Somalia and Kenya have announced the resumption of their diplomatic ties Thursday following mediation brokered by Qatar.
Speaking to the media in Mogadishu, Somalia's minister for foreign affairs and international cooperation, Mohamed Abdirizack, said Nairobi has agreed not to interfere in the domestic affairs as a condition.
Abdirizack said the foreign policy of Somalia does not tolerate domestic affairs interference. He added respect for sovereignty, no interference in internal political affairs and borders are the foundations of the African Union principles.
As the two neighboring states are working on a new diplomatic engagement, various businesses have been affected during the diplomatic tension.
Among them is Somalia's travel, tourism and cargo sector.
Ali Ahmed Farah, manager of Idil travel and general services in Mogadishu, said the five-month break in relations reduced travel between Somalia and Kenya.
Farah said before Somalia severed diplomatic ties with Kenya, there were five or six daily direct flights between Mogadishu and Nairobi, but the number has been reduced to one or two. He added that the passengers they serve also faced immense visa restrictions due to the closure of diplomatic missions.
Somalia's government's ban on Kenyan flights carrying the mild narcotic drug khat has remained in place since March of last year, while Kenyan farmers still count losses.
At the same time, Somali cargo business operators face challenges from Kenyan authorities.
Mohamud Jamaa from Easy Way Cargo said business has dropped in the past five months.
He said since the two countries engaged in the diplomatic dispute the few airlines transiting Mogadishu - Nairobi route rejected to offer cargo services for fear of consequences from immigration officials. He said they hope business will improve after the announcement of new relations when the two neighbors will lift restrictions.
Qatar's special envoy for mediation of conflict resolution, Mutlaq Al Qahtani, met with officials from both countries in an effort to repair relations.
But Kenya and Somalia still have issues to resolve, the biggest being a dispute over maritime energy rights.
The case was filed in 2014 by Somalia at the International Court of Justice (ICJ) - the United Nations' highest court for disputes between states -- and a decision could determine rights to exploit oil and gas deposits in the deep waters off the East African coastline.

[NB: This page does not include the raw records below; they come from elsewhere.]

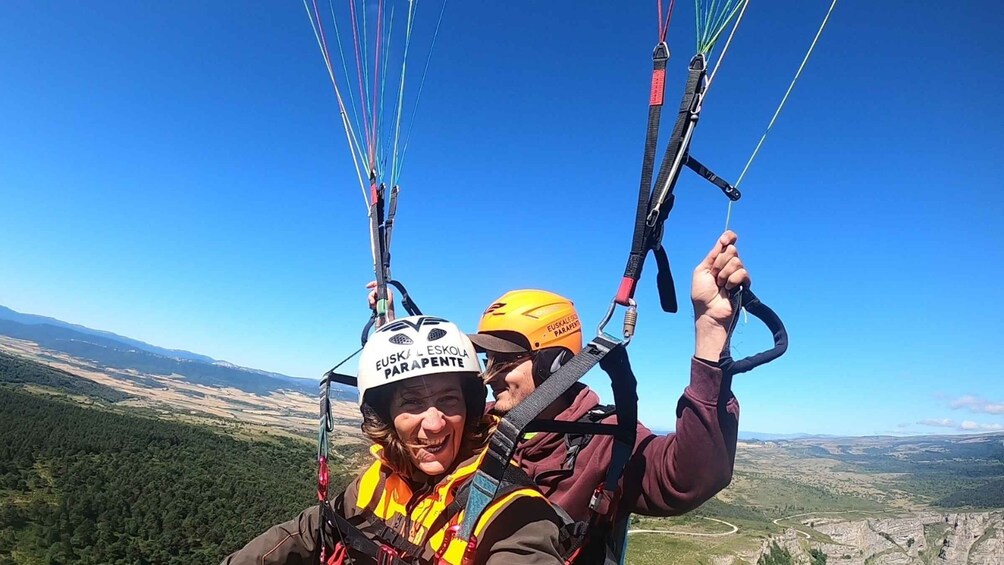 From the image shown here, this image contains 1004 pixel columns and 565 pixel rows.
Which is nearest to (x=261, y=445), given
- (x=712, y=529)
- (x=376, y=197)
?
(x=712, y=529)

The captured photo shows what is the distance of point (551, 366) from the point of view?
352 cm

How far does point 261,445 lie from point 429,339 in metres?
114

Adan Makina, a doctoral student at Walden University in the United States, said it's hard to tell how the ICJ might deal with the case.
"These are two neighboring countries that have had political altercations for a long time. Between 1935-1945 the two colonial powers of Italy and Britain couldn't resolve this maritime dispute and they decided to leave it the way it is. How the two nations can agree on how to reach a resolution is hard to tell," Makina said.
In March, Kenya refused to participate in ICJ hearings about the dispute, citing alleged bias by the court.